↓

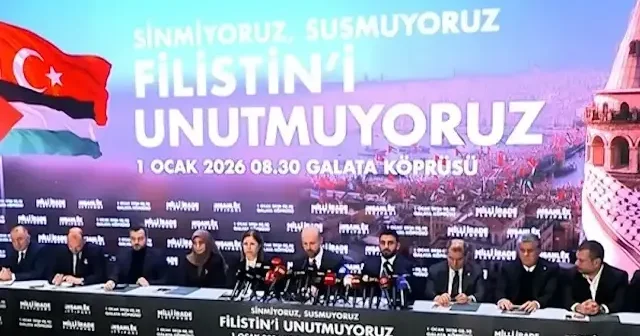 Milyonlar 1 Ocak’ta Gazze için Galata Köprüsü’nde buluşacak VİDEO İZLE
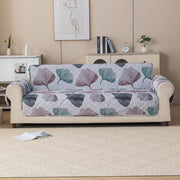 Gulnaar Series Anti-Slip Sofa Cover Mat with Pocket – Polyester Couch Protector(Fallen Leaves)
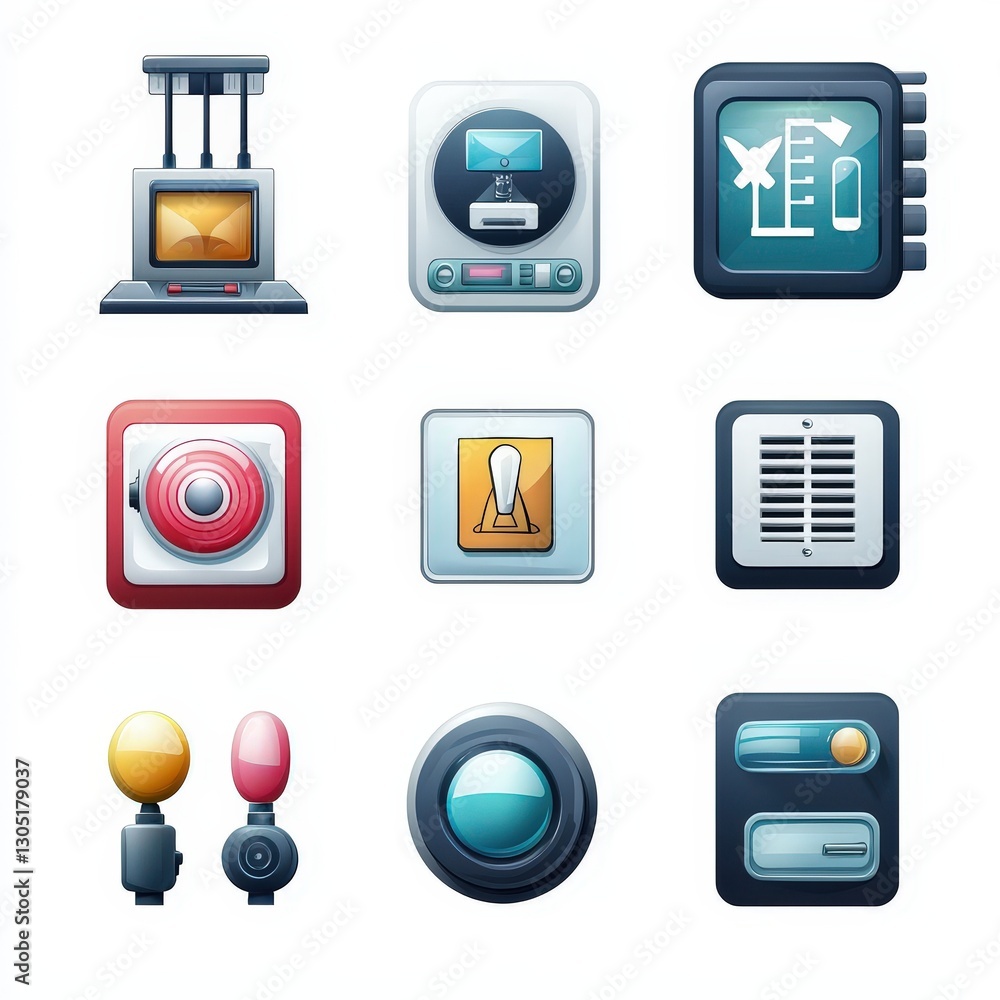 Installation icon set cut out isolated on white background Installation icon set cut out isolated on white background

↑

◆ **Exercise directions**
Restate exactly, please, only the lines between the start of the data and the line containing "Gulnaar Series Anti-Slip", both ends included, skipping the pictures.

◆ **Exercise result**
 Milyonlar 1 Ocak’ta Gazze için Galata Köprüsü’nde buluşacak VİDEO İZLE
 Gulnaar Series Anti-Slip Sofa Cover Mat with Pocket – Polyester Couch Protector(Fallen Leaves)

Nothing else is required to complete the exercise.